**WHAT YOU NEED TO DO:**
Task for the records below: repeat the line containing "VTG Trifari Gold-Plated" and every line after it, exactly and with nothing else, but leave out the pictures.

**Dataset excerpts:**
══════════

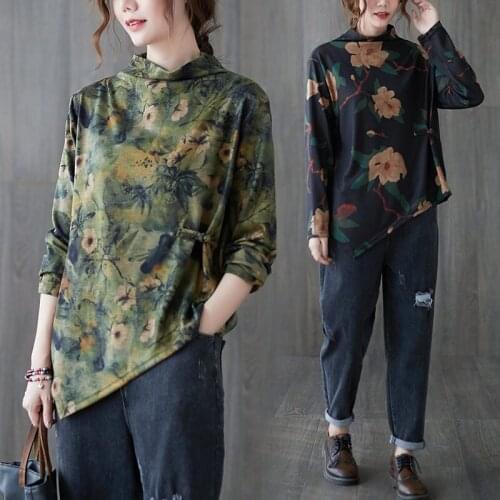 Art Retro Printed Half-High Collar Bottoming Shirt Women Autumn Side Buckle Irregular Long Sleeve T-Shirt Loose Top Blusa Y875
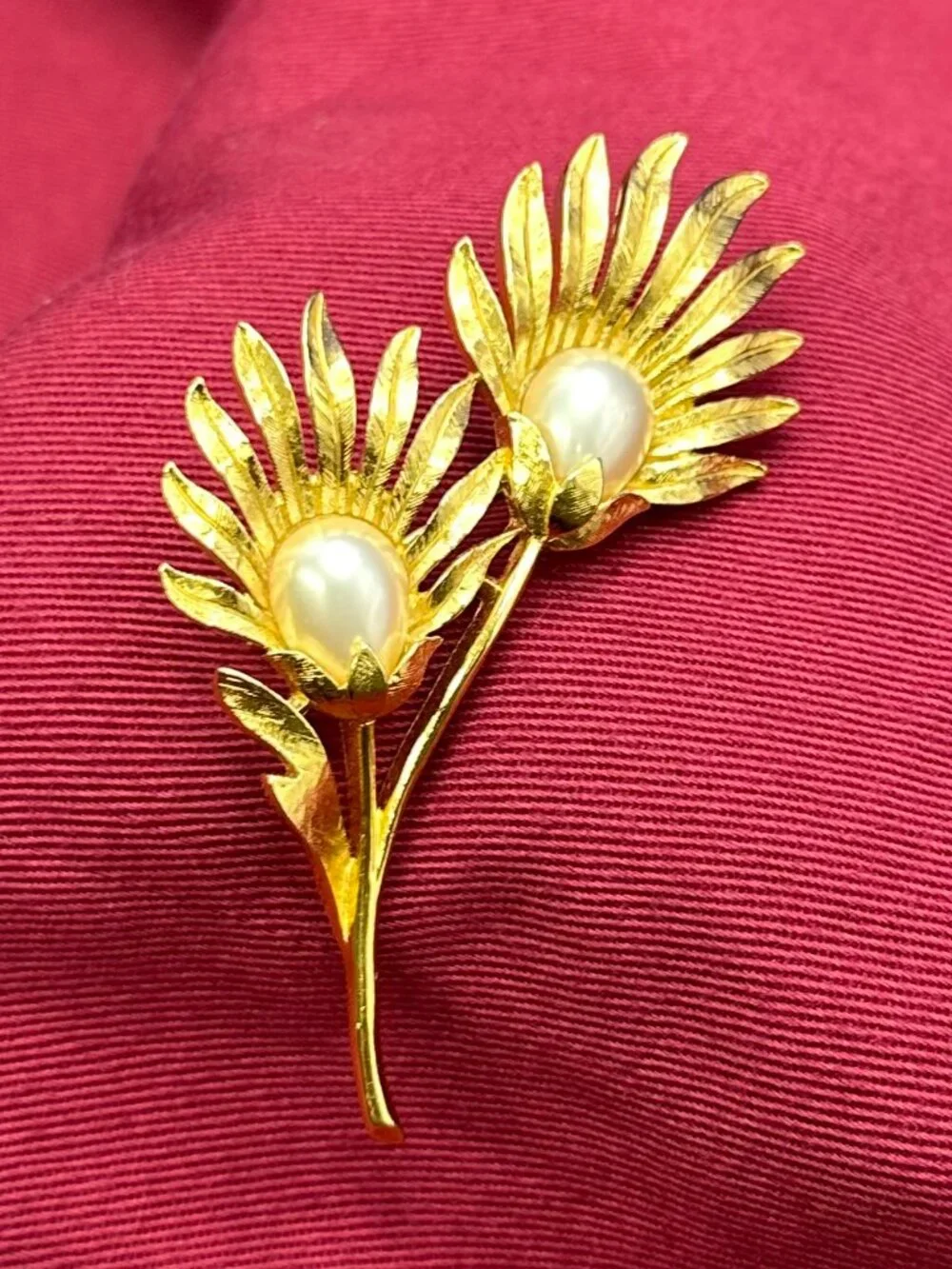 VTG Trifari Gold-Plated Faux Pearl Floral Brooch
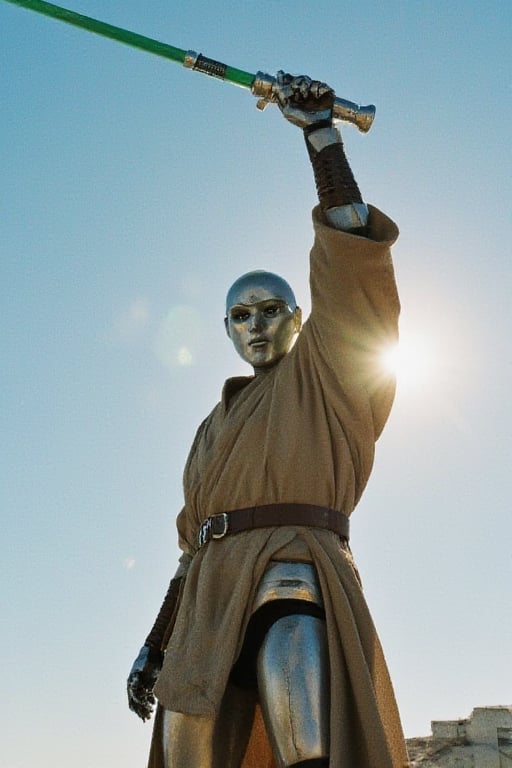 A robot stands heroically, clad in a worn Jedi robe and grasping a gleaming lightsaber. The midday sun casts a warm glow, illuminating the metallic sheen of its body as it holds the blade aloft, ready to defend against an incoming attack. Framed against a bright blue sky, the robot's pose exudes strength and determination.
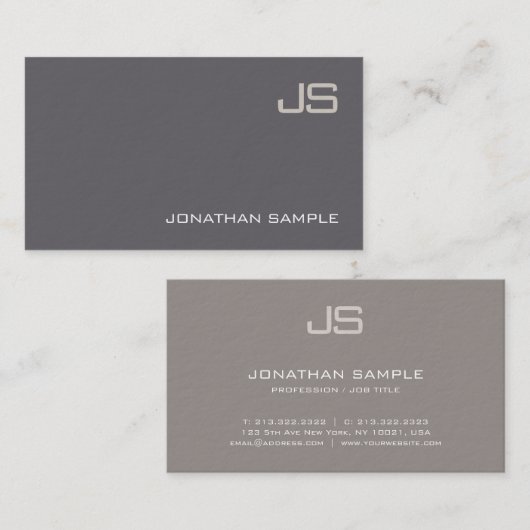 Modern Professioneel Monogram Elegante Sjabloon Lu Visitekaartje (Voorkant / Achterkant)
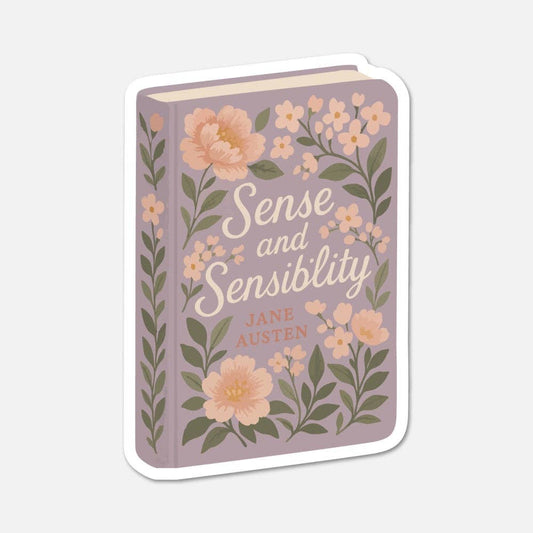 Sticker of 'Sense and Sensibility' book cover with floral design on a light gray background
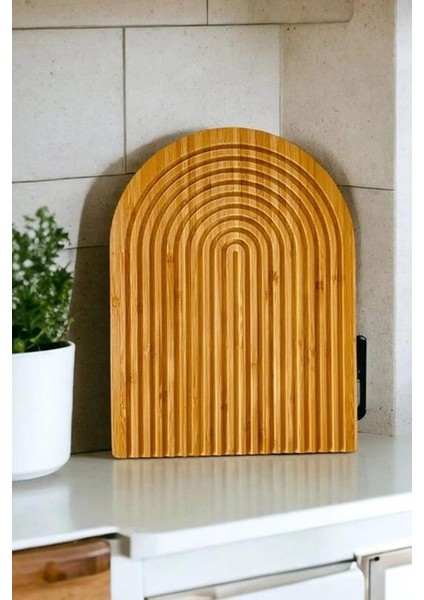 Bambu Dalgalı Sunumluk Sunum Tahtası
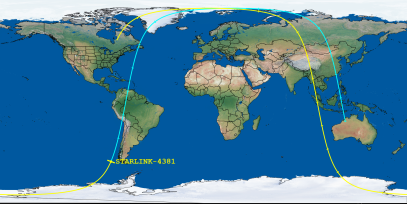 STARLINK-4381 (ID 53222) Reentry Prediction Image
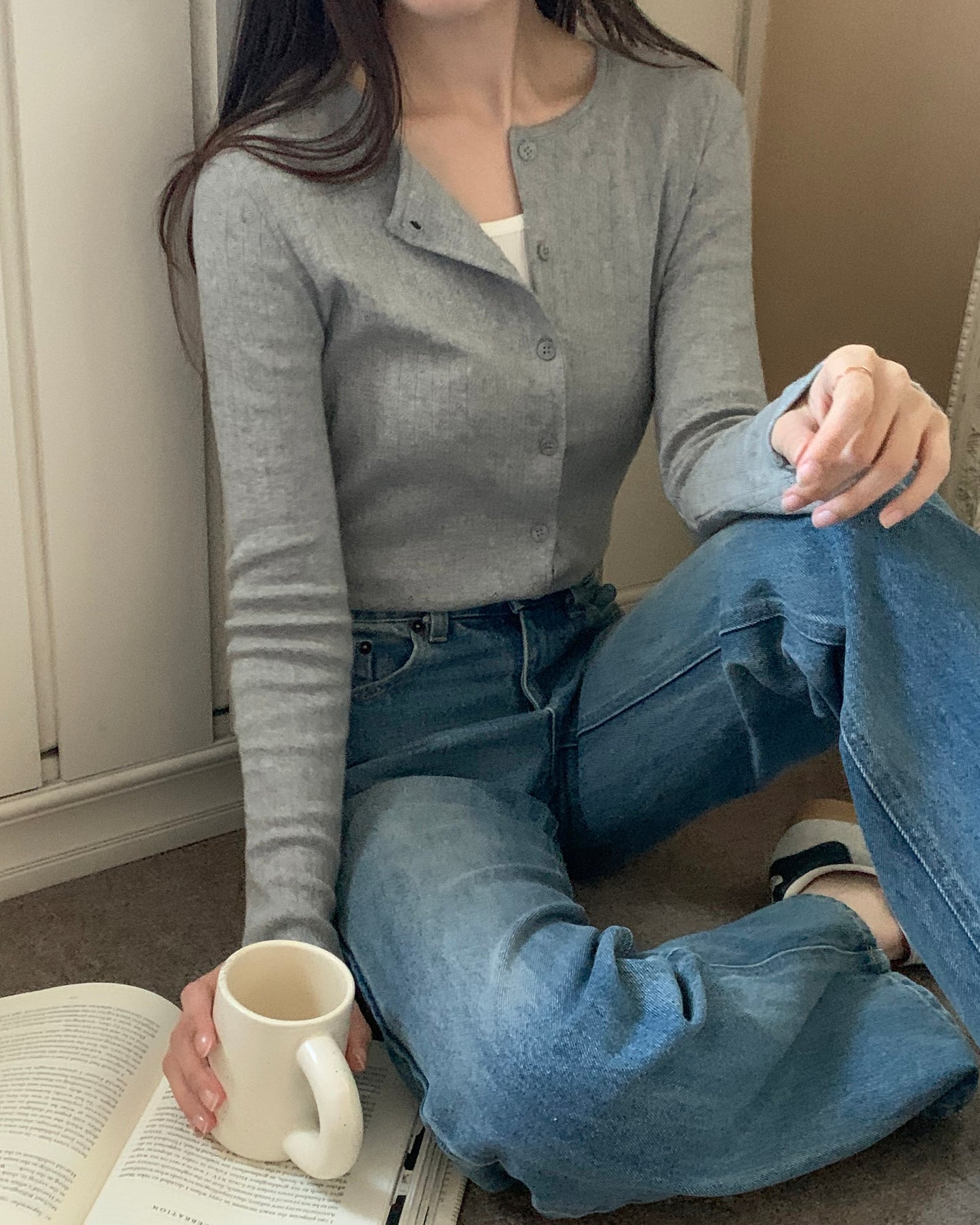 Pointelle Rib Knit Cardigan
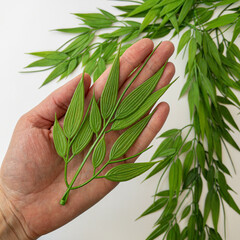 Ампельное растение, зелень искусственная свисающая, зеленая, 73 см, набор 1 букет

══════════

**RESPONSE TO THE TASK:**
 VTG Trifari Gold-Plated Faux Pearl Floral Brooch
 A robot stands heroically, clad in a worn Jedi robe and grasping a gleaming lightsaber. The midday sun casts a warm glow, illuminating the metallic sheen of its body as it holds the blade aloft, ready to defend against an incoming attack. Framed against a bright blue sky, the robot's pose exudes strength and determination.
 Modern Professioneel Monogram Elegante Sjabloon Lu Visitekaartje (Voorkant / Achterkant)
 Sticker of 'Sense and Sensibility' book cover with floral design on a light gray background
 Bambu Dalgalı Sunumluk Sunum Tahtası
 STARLINK-4381 (ID 53222) Reentry Prediction Image
 Pointelle Rib Knit Cardigan
 Ампельное растение, зелень искусственная свисающая, зеленая, 73 см, набор 1 букет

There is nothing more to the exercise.